Recently I took a short course for understanding data. It revolves around forming primary and secondary questions, what, how project specs help to drill-down data. Exercises are done with experimental Google Fusion tables tool, which personally was pretty trivial to work with.

I liked that the course used real objects/data and theory is discussed after. This was a big plus, as it was easier to relate and memorize.

The weak parts were being too platform specific and lack of final project curation, as it was rather vague to decide on which datasets to pick and difficulty of primary and secondary questions to ask.

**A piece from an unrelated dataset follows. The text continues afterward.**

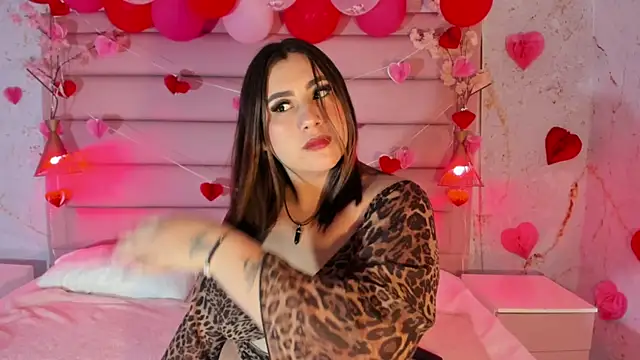 sabrinamilani online show from February 17, 2026, 3:04 am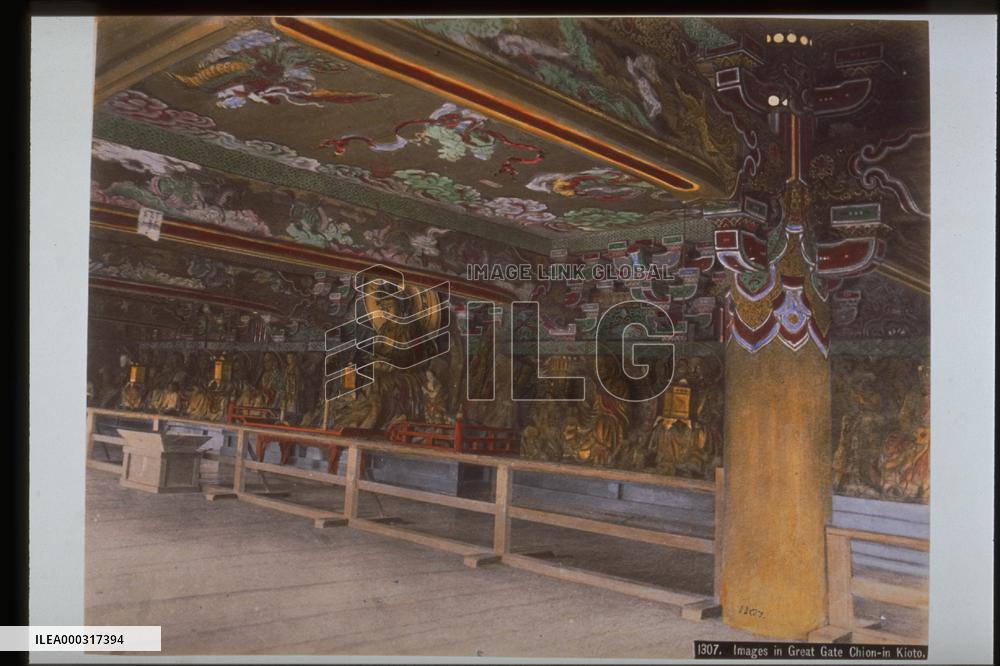 Inside of main gate of chion-in temple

For my final project, I chose US east coast’s air quality data after BP oil spill incident in 2010. The date range was 2010-04-28 to 2010-09-18, whereas the spill itself started on 2010-04-20 and was oficially contained on 2010-09-20. Primary question was oil spill effect and persistence in time.

I noticed that in Lousiana state, the pollution was high and it spread into other states in September. Since the range was during the leak, general pollution level rose relatively not a lot after initial spill. Even after spreading into other states, the polution in Lousiana decreased only slightly

One of the main problems I had during the project was that I was unable to distribute data in time ranges, thus needed to create additional maps. Generally, other problems were related towards data scarcity (i.e. somehow altitude was missing) and parsing.

In conclusion, it was a useful course in flexing data to get insights. It would’ve been good if there had been a stronger final project provisioning.